In other words, because we are socialized to see specific identities, presentations, and titles as better or worse than one another, this bleeds over into kink expressions and culture. To change this, we must first examine why we think of certain acts of desires as ideal and others as “less than.”
As sex counselor and author, Eric Marlowe Garrison, echoed:
“My favorite phrase from the kink community: "Don’t yuck my yum." (Don’t put down something (usually a kink) that brings me pleasure, even if you don’t do it, we won’t do it, or if you tried it and hated it). “
Kink is a place where shame should be left at the door. This is particularly true for those just entering kinky spaces for the first time. I asked Dr. Pitagora for her advice for newbies and handling the pressure to be less-vanilla or even just thinking they need to engage in certain kinks to prove themselves. She advised:
“Before engaging in any kinky interaction, it’s important to remember that there is no obligation to participate in any regard before there is the desire to [do so], and engagement in the scaffolding of consent as described above. It’s also a good idea to have a plan for how to avoid the inevitable person who attends group spaces and acts coercively to push limits, which depends on the person’s internal and external resources in the moment. Going with a friend or a date is a good approach.
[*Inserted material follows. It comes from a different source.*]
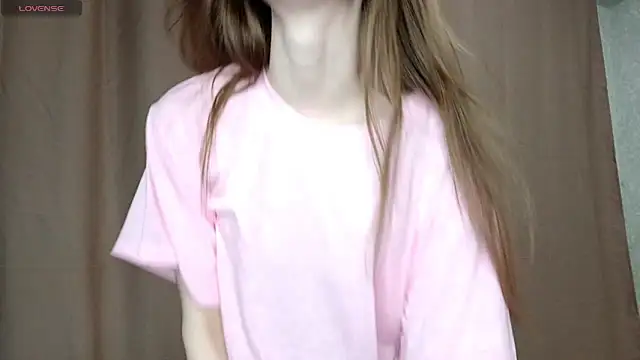 Snapshot of LeslieShay chatting on 24, 2, 2026 LeslieShay online show from 24, 2, 2026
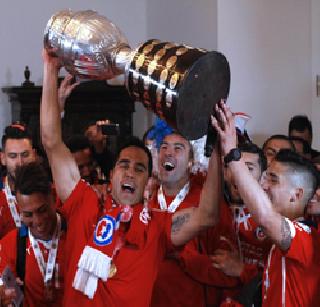 Chile penalty shootout champion, Messi dream breaks | चिली पेनल्टी शूटआऊटमध्ये चॅम्पियन, मेस्सीचे स्वप्न भंगले Chile penalty shootout champion, Messi dream breaks | चिली पेनल्टी शूटआऊटमध्ये चॅम्पियन, मेस्सीचे स्वप्न भंगले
If [you're] going alone, it’s okay to completely ignore the person and walk away if that feels best in the moment. [You can] say [you're] not interested at the moment [and you'll] let the person know if [you] change [your] mind. If someone is acting in a pushy manner at a kink event, it’s not necessary to follow any sort of protocol, because protocol is something that should be consented to before followed…
Group spaces typically contain a high percentage of extroverts and exhibitionists, and it’s a good idea to remember this and remember that everyone has different intra- and interpersonal boundaries. The best way to understand and maintain interpersonal boundaries is to understand and talk to a trusted friend or partner about intrapersonal boundaries before exploring with others.”
Read: Kinky or Vanilla: Who Draws the Line?
Kink Is Personal
Identifying as kinky, or just being interested in learning more about kink is an entirely personal and individualized experience. Do not think that belong to kink groups or to visit kinky spaces you have to qualify as “kinky-enough.”
Research, discuss, and experiment with what feels right in your body, mind, and spirit. In the same vein, don’t look down on kinks that you find weird or unappealing (as long as they are consensual). Let’s commit to taking the hierarchy out of kink and making the community one of true love and acceptance.